By Kaye Toal

As a body positive activist, I am often asked, “Kaye, what do you mean by ‘diet culture?’”

Diet culture (I explain) is what we live in, where various diets are businesses that make billions upon billions of dollars marketing a product that has a 95% failure rate. Diet culture means that many people have really screwed up relationships with food. Diet culture means that 42% of girls will have been on a diet by age 10 — before their bodies have even developed.

If I am feeling particularly infuriated that day, I add something like, “Diet culture means everyone hates themselves and nobody wins. Especially women.”
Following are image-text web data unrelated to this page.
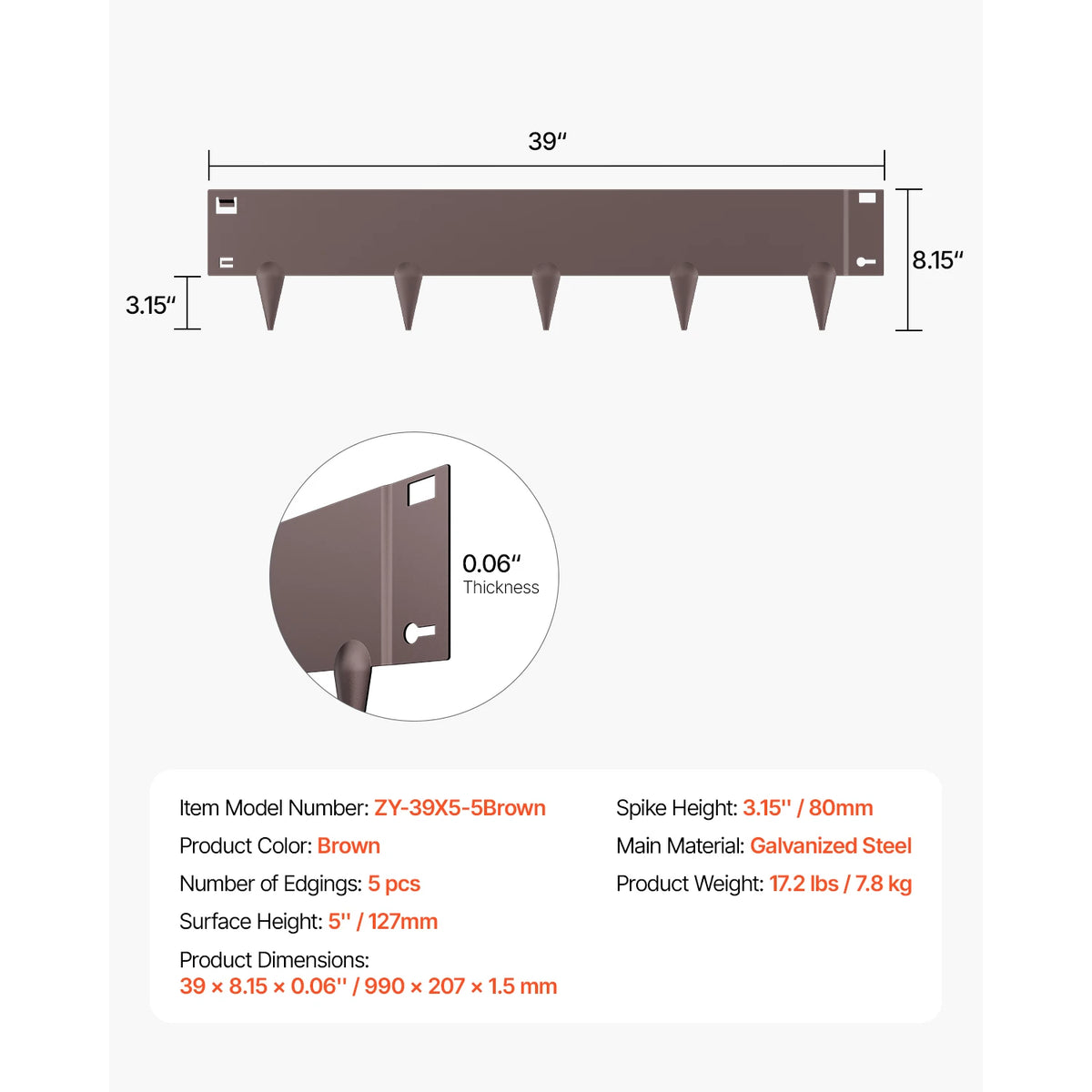 Steel Landscape Edging | Rust Resistant | Bendable | 39X3 Inch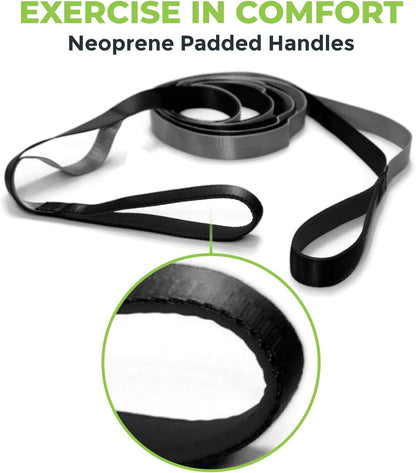 Gradient Fitness Stretching Strap for Physical Therapy, 12 Multi-Loop Stretch Strap 1" W x 8' L, Neoprene Handles, Physical Therapy Equipment, Yoga Straps for Stretching, Leg Stretcher.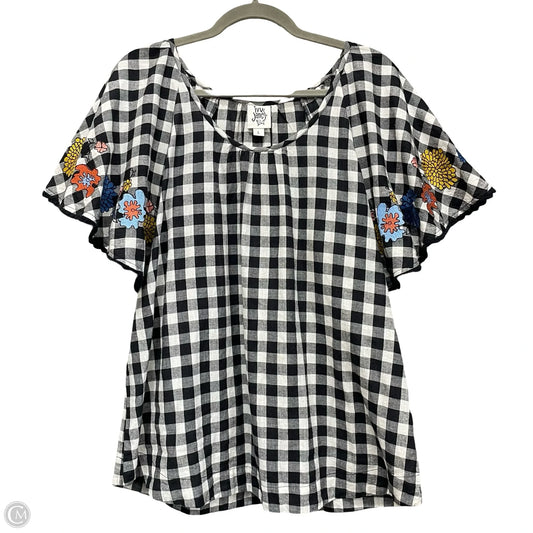 Top Short Sleeve By Ivy Jane In Black & White, Size: L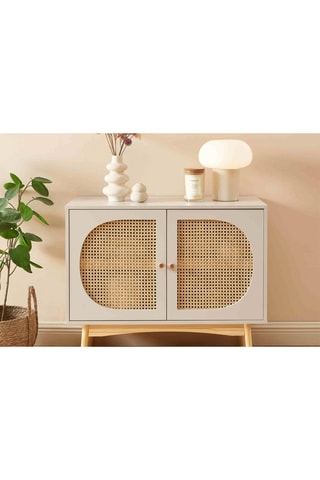 Buffet 2 portes en rotin et pin massif Sixtine - 90 x 75 x 40 cm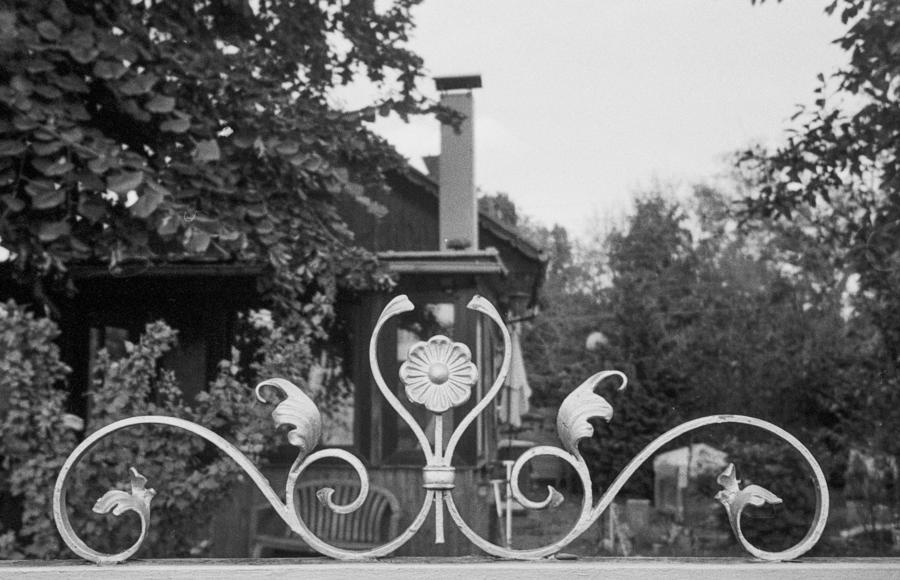 Gartentor - moderates Bokeh (Olympus Mju II; Ilford HP5, Rodinal)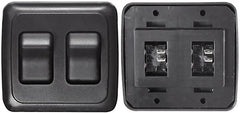 RV Designer S523 Contoured DC Wall Switch On/Off - Double, Black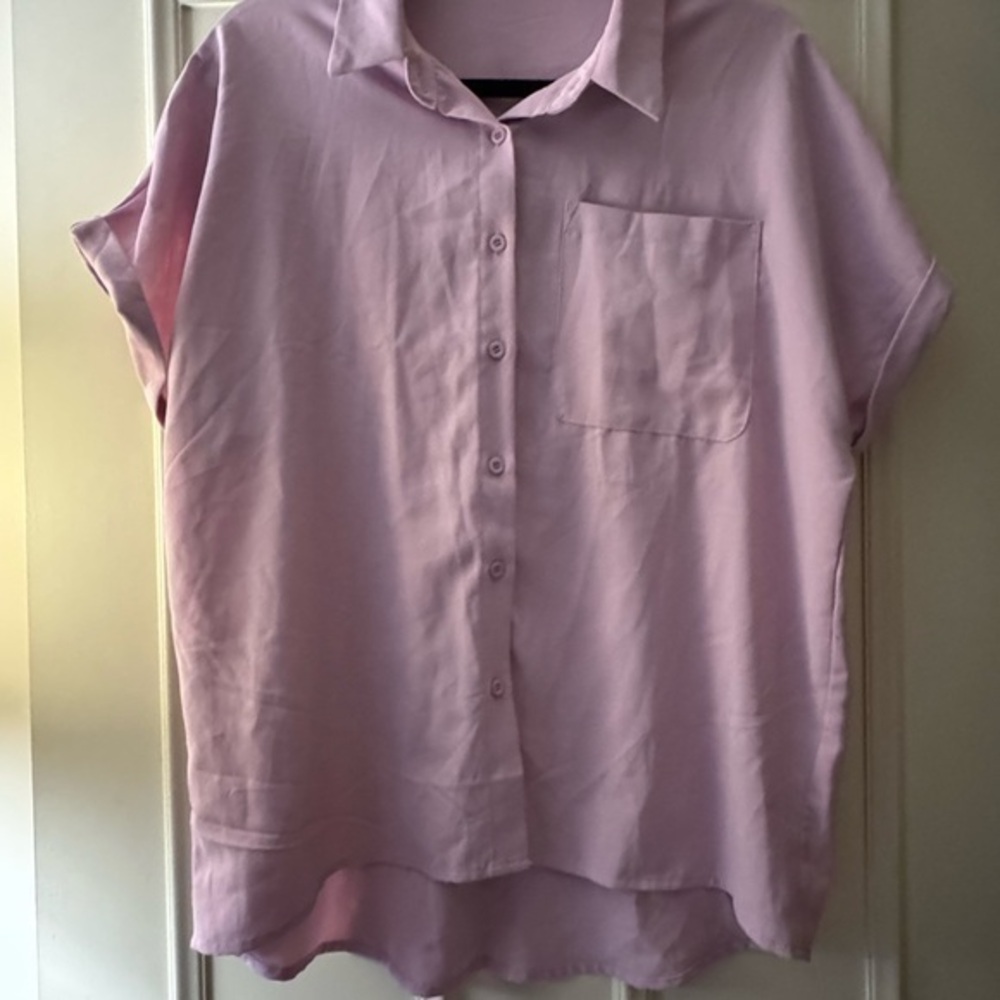 SHEIN Pink Button-Up Women's Top Size Large
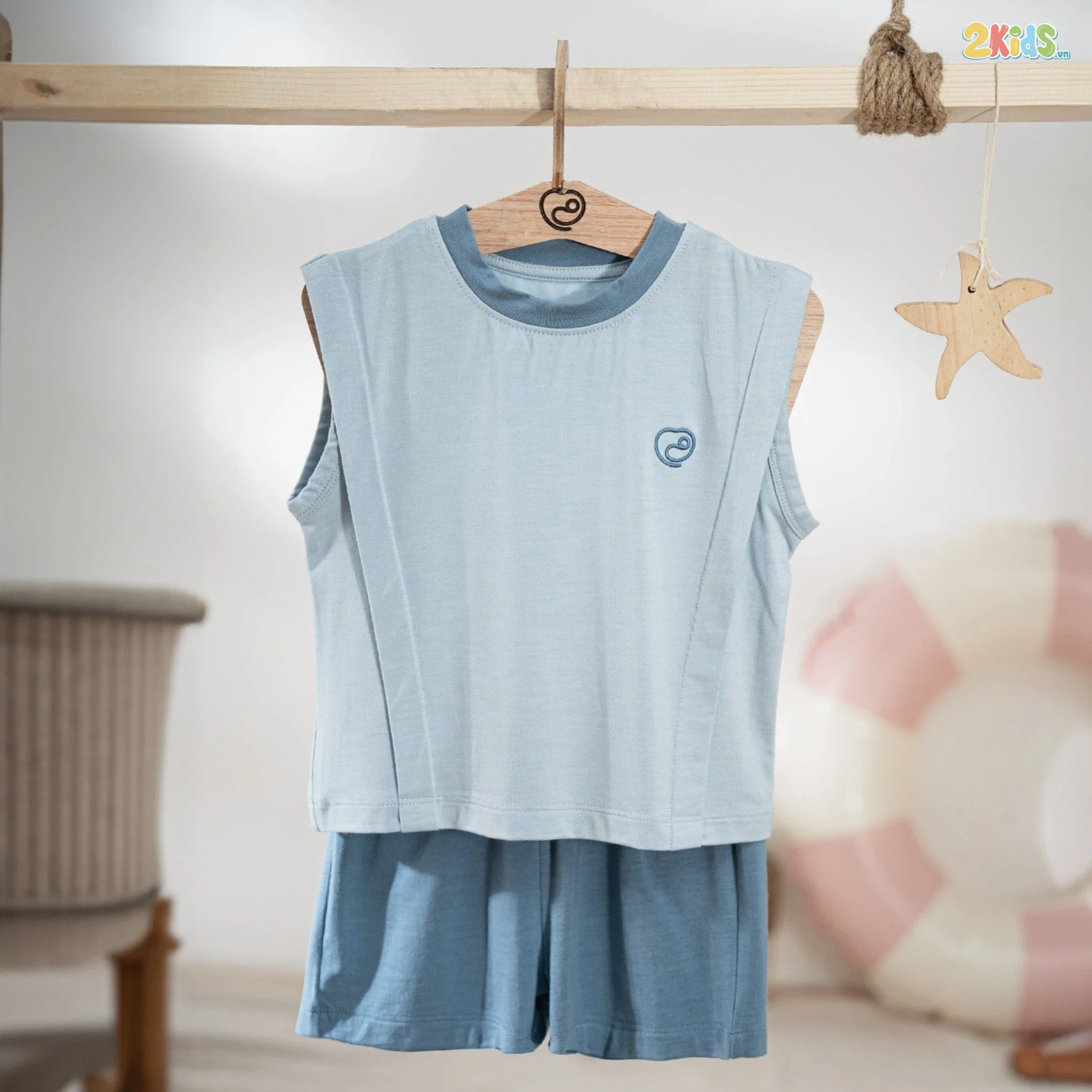 Bộ quần áo trẻ em Bu baby sát nách cổ tròn Bambus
I have a new addition to my explanation: in a diet culture, a woman who emotionally abuses, berates, and belittles her 7-year-old daughter into losing 16 pounds not only gets a Vogue byline where she boo-hoos over how humiliated she was by her own inability to parent effectively (which she, of course, blames on her daughter not cooperating with said abuse), but a book deal to write a memoir about her experiences abusing, berating, and belittling her 7-year-old daughter into losing 16 pounds.
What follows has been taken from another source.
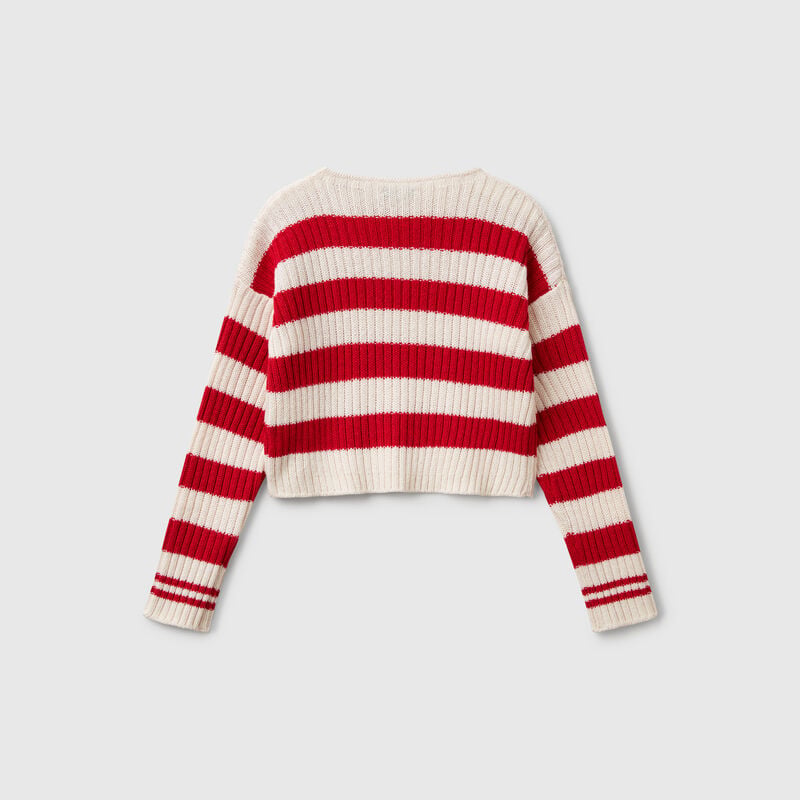 Two-tone striped sweater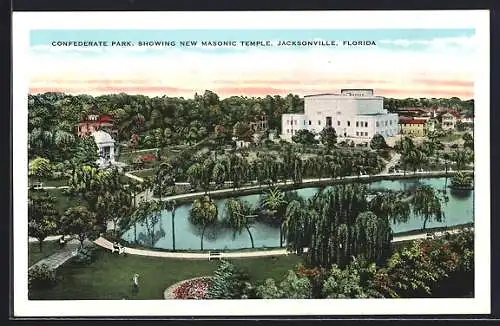 AK Jacksonville, FL, Confederate Park, showing New Masonic Temple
This woman’s name is Dara-Lynn Weiss and her book, tentatively titled The Heavy (precious), is described by the publisher as “an experience that epitomizes the modern parenting ‘damned if you do/damned if you don’t’ predicament.” Ah, yes. The damned-if-you-do-or-don’t predicament of making your daughter hate herself.

As a 21-year-old woman, the thought of parenting terrifies me. I am sure it is incredibly difficult, and that parents must make very hard decisions for their children and they may not necessarily know whether those decisions are right. Parents are also people, with their own sets of demons that may manifest in their interactions with their children. I understand this firsthand. If at 21 I’m capable of recognizing and empathizing with it, at seven I was not. At seven, I was simply hurt by it. Here, it is probably best to let Bea, Dara-Lynn’s daughter, speak for herself in an excerpt from the original Vogue article.
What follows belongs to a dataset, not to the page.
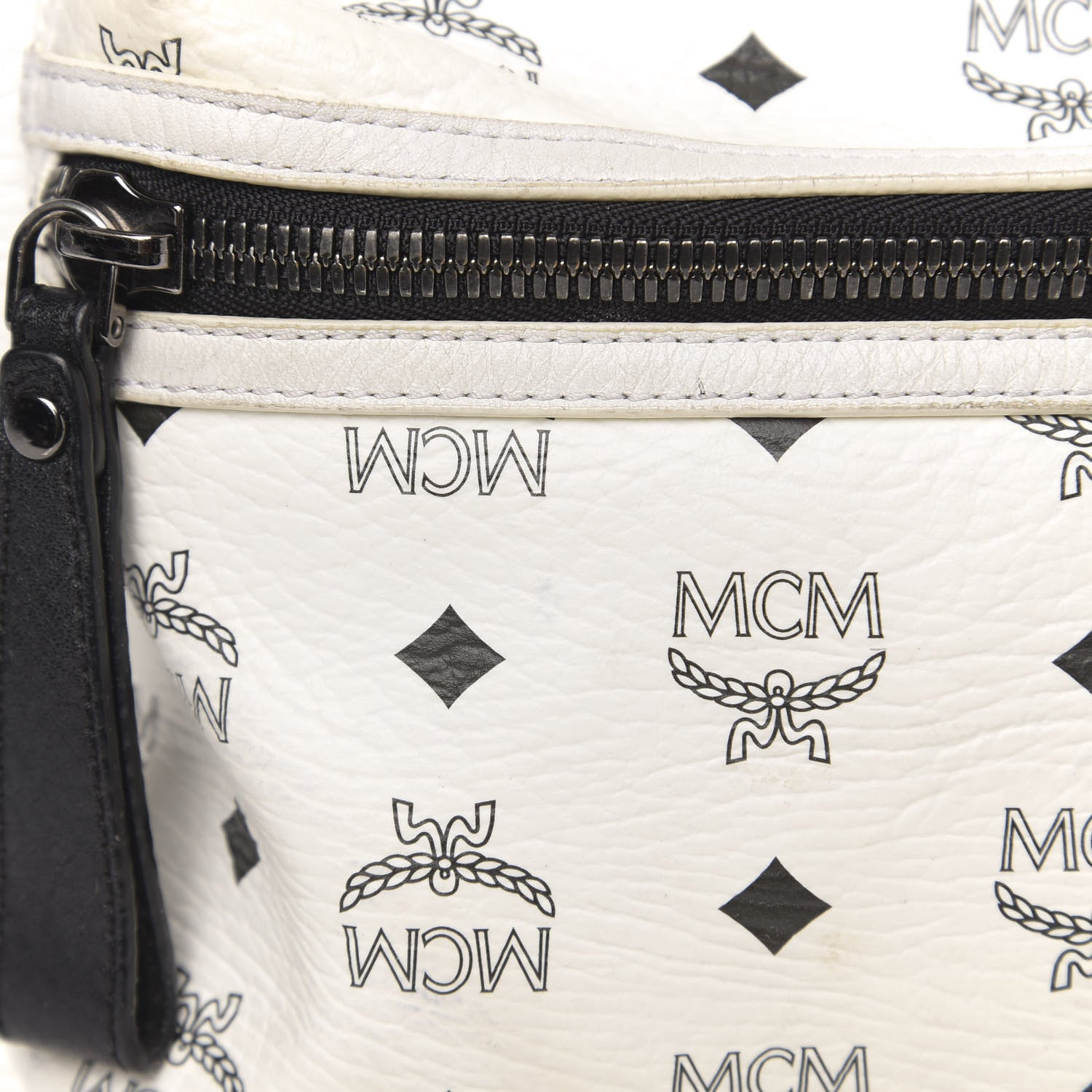 MCM Visetos Medium Side Studs Stark Backpack White 13 of 15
For Bea, the achievement is bittersweet. When I ask her if she likes how she looks now, if she’s proud of what she’s accomplished, she says yes…Even so, the person she used to be still weighs on her. Tears of pain fill her eyes as she reflects on her yearlong journey. “That’s still me,” she says of her former self. “I’m not a different person just because I lost sixteen pounds.” I protest that, indeed, she is different. At this moment, that fat girl is a thing of the past. A tear rolls down her beautiful cheek, past the glued-in feather. “Just because it’s in the past,” she says, “doesn’t mean it didn’t happen.”

I refuse to allow the culture we live in to reward this woman’s draconian methods. As a fat woman myself, as a person with friends and loved ones who have deeply complicated relationships with their bodies, I am appalled by the fact that this article ever made it to print, much less that Weiss is getting a damn book deal. I certainly do not trust that the memoir will do anything other than contribute to a world that tells women they are lesser if they are fat, and that losing weight is an “accomplishment” that fundamentally changes who they are as people and makes them “better.”

I am disgusted with Ballentine Books’ Marnie Cochran’s decision to publish, for in doing so she is – knowingly or not – contributing to this same world.

This is not a world that our daughters deserve.